:: Activity ::
Every line of the listing should be retyped exactly, but none of the pictures should be.

:: Provided material ::
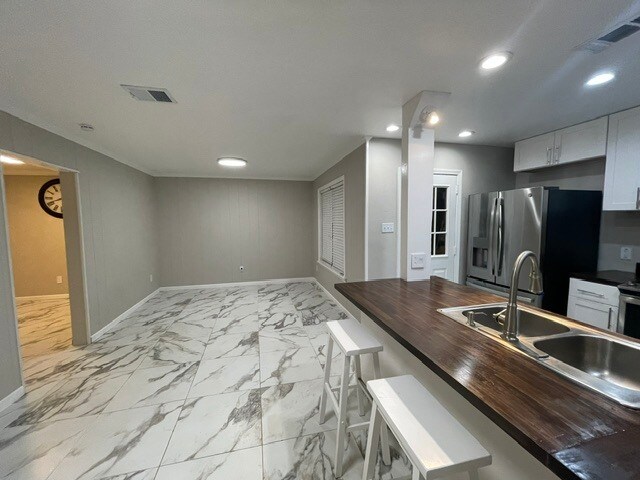 Building Photo - 10327 Loma Vista Dr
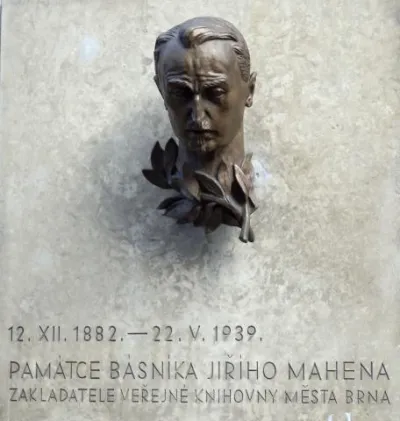 Busta Jiřího Mahena od sochaře Josefa Kubíčka umístěna na budově školy v Solniční ulici, kde našla Veřejná knihovna města Brna své umístění od roku 1939, foto: autor
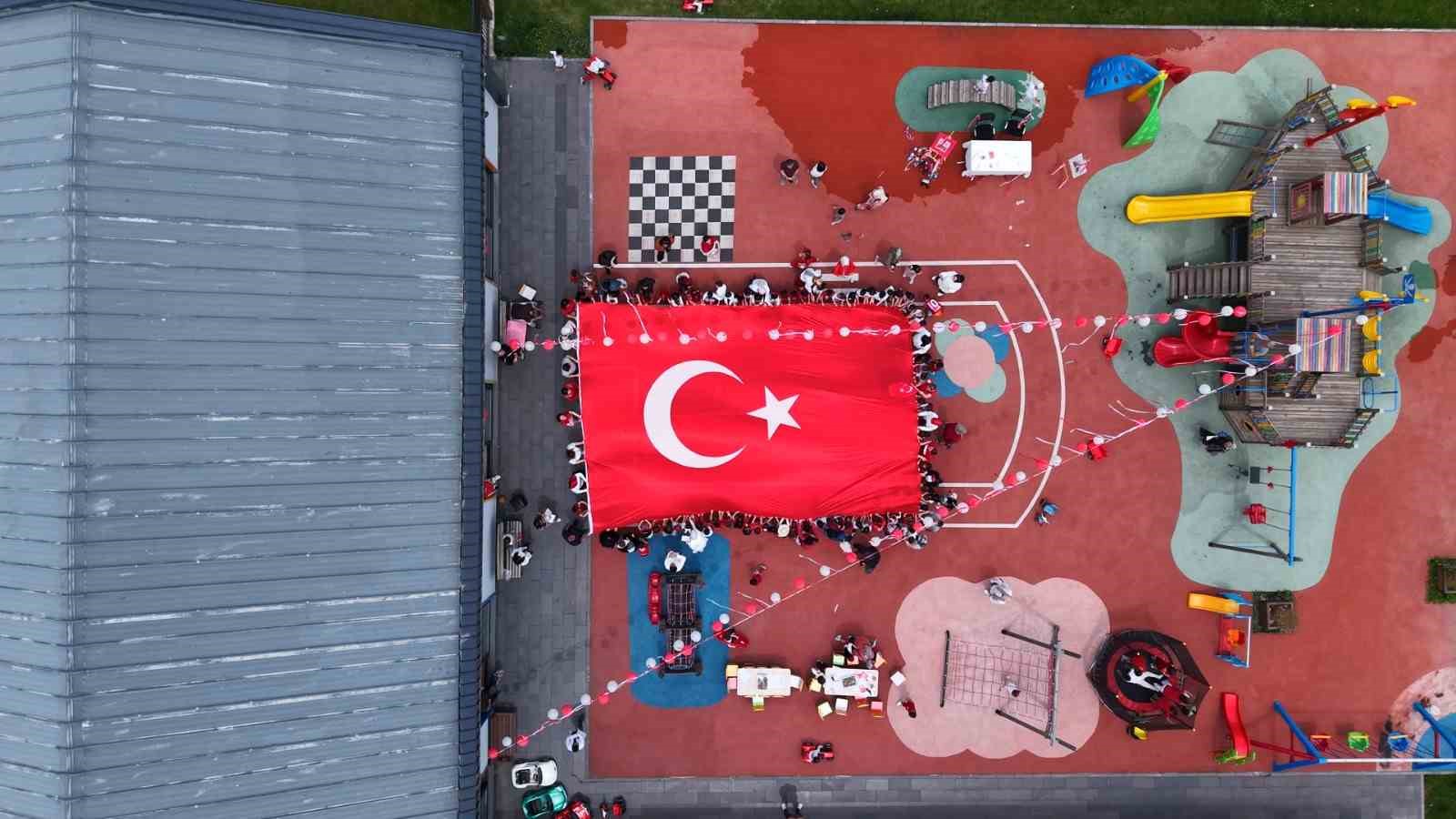B&uuml;y&uuml;kşehirin &ccedil;ocuk k&uuml;t&uuml;phanesi miniklerinden a milli takıma y&uuml;rekleri ısıtan destek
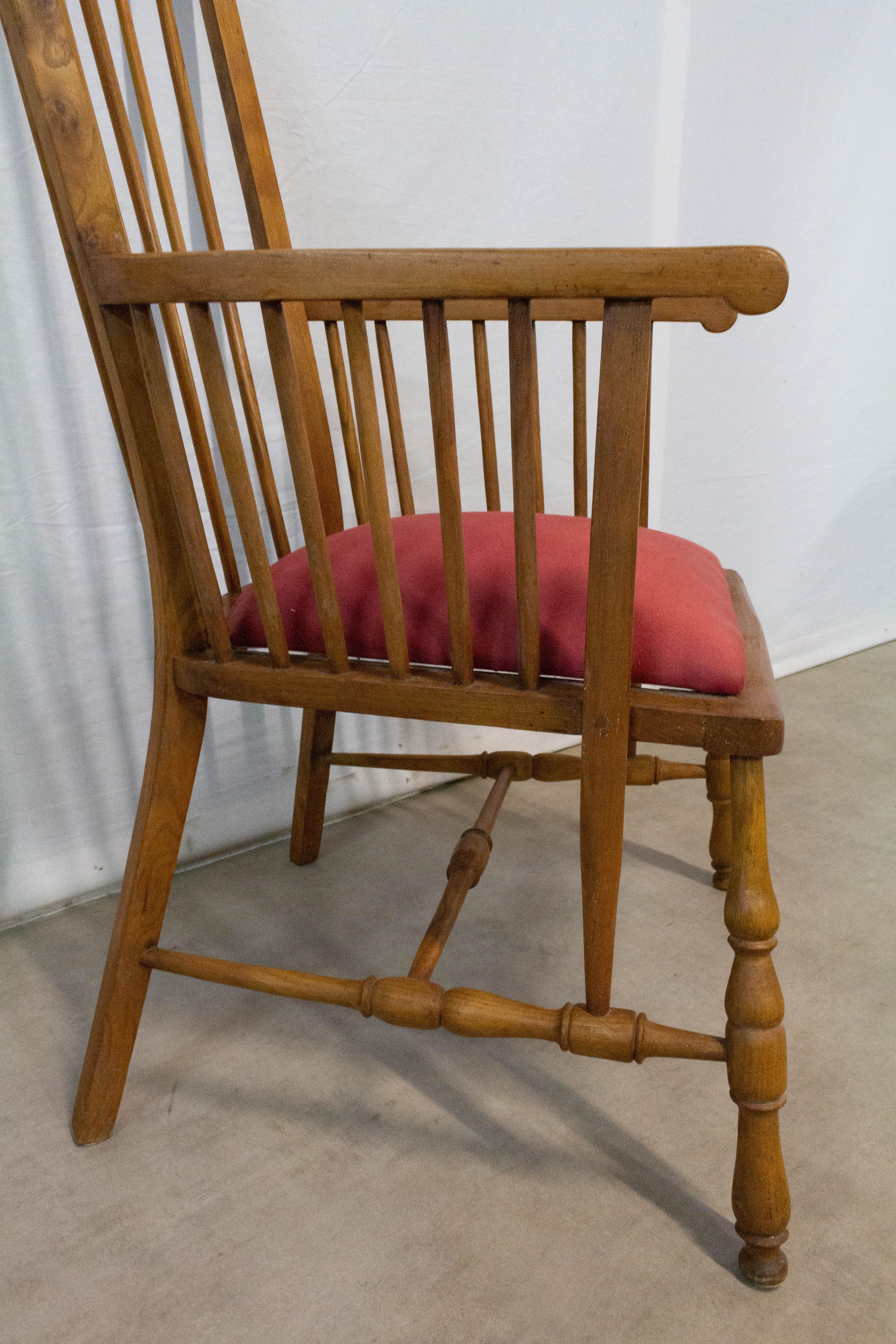 Midcentury Windsor Armchair Elm Chair, circa 1950 For Sale 2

:: Solution for this problem ::
 Building Photo - 10327 Loma Vista Dr
 Busta Jiřího Mahena od sochaře Josefa Kubíčka umístěna na budově školy v Solniční ulici, kde našla Veřejná knihovna města Brna své umístění od roku 1939, foto: autor
B&uuml;y&uuml;kşehirin &ccedil;ocuk k&uuml;t&uuml;phanesi miniklerinden a milli takıma y&uuml;rekleri ısıtan destek
 Midcentury Windsor Armchair Elm Chair, circa 1950 For Sale 2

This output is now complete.